Carrio, piensa, con razón, que necesitamos un cambio de usos, restaurar valores, tales como el bien, la honestidad, la verdad, el respeto a la idoneidad, la autoridad, como concepto y soporte de la legitimidad política. Sería una posición idealista, Max Weber diría que es una representante clásica de la “ética de la convicción”.

Macri, tal como su 'mesa chica', pondera sólo lo concreto; para ellos lo que prevalece absolutamente, otra vez en términos de Max Weber, es la “ética de la responsabilidad”: inflación, 30% de pobreza, 32% de economía marginal, infraestructura precaria, y malos servicios públicos, esto significa que primero hay que ir a resolver cuestiones muy concretas, lo otro llegará por añadidura.

Para Carrió, el país solo cambiará con nuevos usos y ello exige, entre varias cosas, separar del gobierno a todos aquellos que por sus antecedentes generen, cuando menos, sospechas.

En esa lista figuraron el comisario Pablo Bressi, ahora la Sra. Silvia Majdalani y permanecen Cristian Ritondo, Jorge Macri, Daniel Angelici, Gustavo Ferrari, todos estos del 'riñón de Macri' o Maria Eugenia Vidal.
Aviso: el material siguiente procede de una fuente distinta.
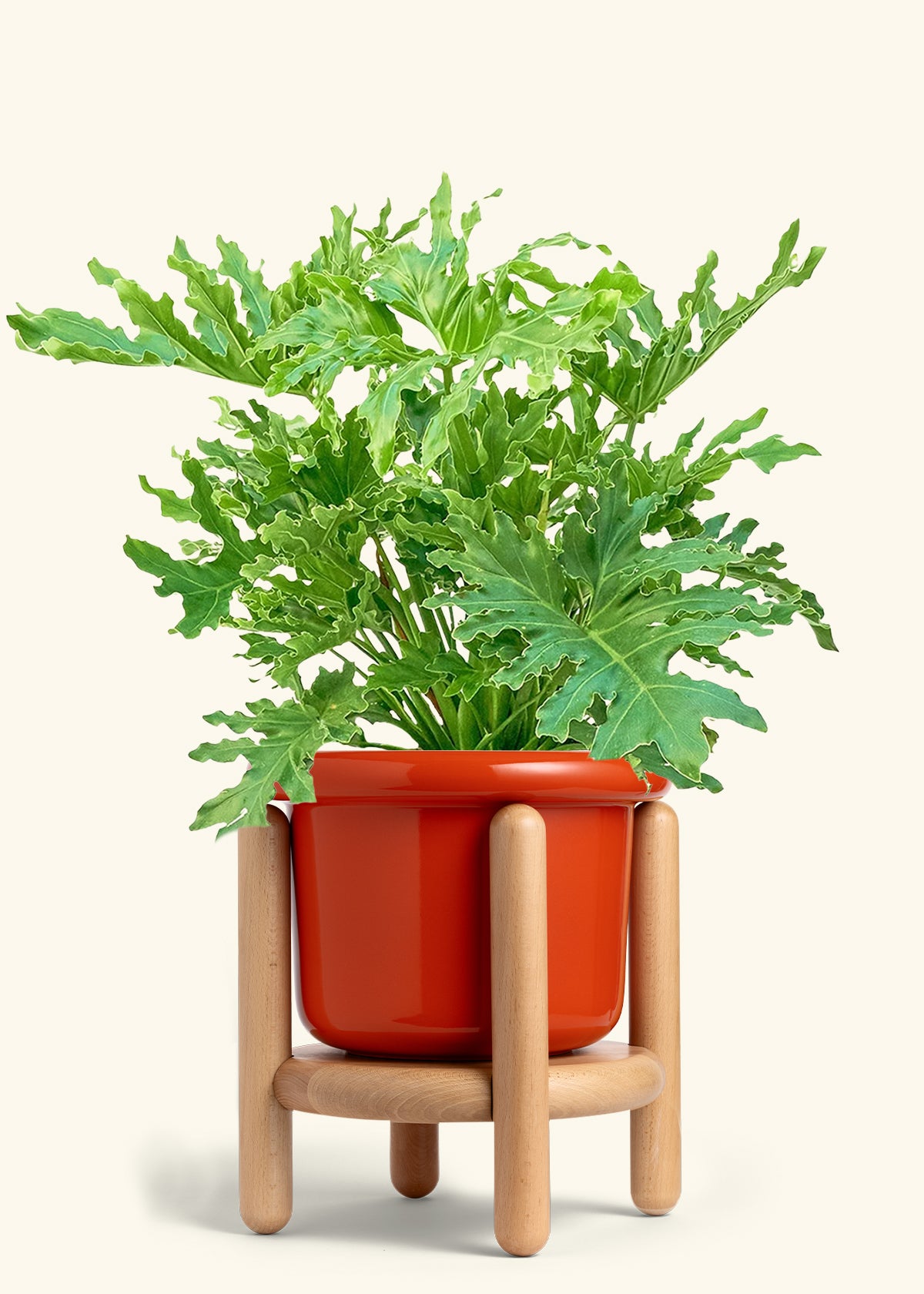 Fat Lip Planter Stand Combo, Poppy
No deja de ser cierto que, si bien en Derecho la sospecha no sirve para condenar, en la política .

Probablemente, en estos días se definirá esta cuestión que le exigirá a Carrio participar en la “ética de la responsabilidad”; y a Macri y su gente demostrar que creen en la “ética de la convicción”.

Esa sería una muestra de prudencia política, que significa templanza, moderación y buen juicio; y estoy convencido que es el ejemplo que necesitamos como sociedad.

Por la sicología de los protagonistas me inclino que ellos se guiarán más por su orgullo personal, que además les sobra a los dos.

El peronismo

Para simplificar, el peronismo apunta más al contubernio: su principal objetivo es ganar o hacer el mejor papel en la elección de medio término, sin importar para qué.

Lo han dicho de modo explícito, pero también cada uno quiere “contuberniarse” para lograr sus propios y personales fines.

Kristina, “para ayudar a sumar votos”, que no es más que aportar una parte de su famoso “54% fruto de su viudez” y, de paso, justificar de antemano que su techo seria el 35%. Pero ella impone condiciones, designar las listas de candidatos en la Provincia de Buenos Aires e inmiscuirse en las comunas o municipalidades.

Los intendentes -gobernadores en miniatura-, la necesitarían para arrastrar votos y permanecer en funciones y mantener sus privilegios, pero deben pagar el precio de la “obsecuencia”.

Kristina no puede ocultar su sed de venganza y por eso en estas elecciones quiere ir por todo, sin dejar nada, para tener desde el Congreso su base políticamente destituyente.

En la farsa armada en C5N, ella mintió con elegante alevosía y se dirigió a un sector especifico de la población que es el que ella cree poder manipular y que Eduardo Fidanza describió así en el diario La Nacion: “En los sectores populares desaparece progresivamente la conciencia del conjunto de la sociedad, centrándose la atención en las necesidades básicas del grupo familiar: no importaba tanto la corrupción, y aun la inseguridad, porque con Cristina había trabajo; que las instituciones funcionaran mal o que los hospitales atendieran tarde, que los chicos aprendieran poco en la escuela o se vendiera droga en el barrio, quedaba disimulado porque "se podía traer el pan a casa", como dicen tantos testimonios”.

Paradójicamente, es el sector más despreciado por ella, tal como lo demostró con su ausencia en hechos como el accidente de Plaza Once u otras calamidades que impactaron esencial y dolorosamente en esos sectores en los que cree la votarán incondicionalmente. Son los oximorones de todo populismo.

Estas dos cuestiones -una la de Alianza o Coalición, y la otra el Contubernio-, son la misma moneda o las dos caras de nuestra sociedad. Diría más: es nuestro conflicto irresuelto desde el fondo de nuestra joven historia.

Son, asimismo, los misterios de la política y del ejercicio del poder.